(Brief descriptive captions)
########################################
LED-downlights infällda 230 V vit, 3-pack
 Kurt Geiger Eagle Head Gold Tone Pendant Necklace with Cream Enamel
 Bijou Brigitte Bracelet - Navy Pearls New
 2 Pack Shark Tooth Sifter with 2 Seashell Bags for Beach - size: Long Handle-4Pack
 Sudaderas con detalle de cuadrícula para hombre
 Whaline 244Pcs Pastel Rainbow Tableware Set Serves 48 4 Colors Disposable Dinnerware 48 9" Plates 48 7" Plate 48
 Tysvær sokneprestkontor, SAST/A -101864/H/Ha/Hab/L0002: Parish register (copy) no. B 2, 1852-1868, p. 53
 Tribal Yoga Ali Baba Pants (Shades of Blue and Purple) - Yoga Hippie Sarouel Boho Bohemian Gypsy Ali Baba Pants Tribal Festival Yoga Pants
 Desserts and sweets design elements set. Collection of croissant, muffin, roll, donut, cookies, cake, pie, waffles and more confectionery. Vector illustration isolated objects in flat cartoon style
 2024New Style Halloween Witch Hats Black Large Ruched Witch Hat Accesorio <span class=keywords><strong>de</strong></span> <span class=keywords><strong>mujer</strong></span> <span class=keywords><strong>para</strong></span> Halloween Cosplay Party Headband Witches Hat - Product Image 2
########################################
For every line of the records with the string "para", add one to a tally; give the final tally alone.

2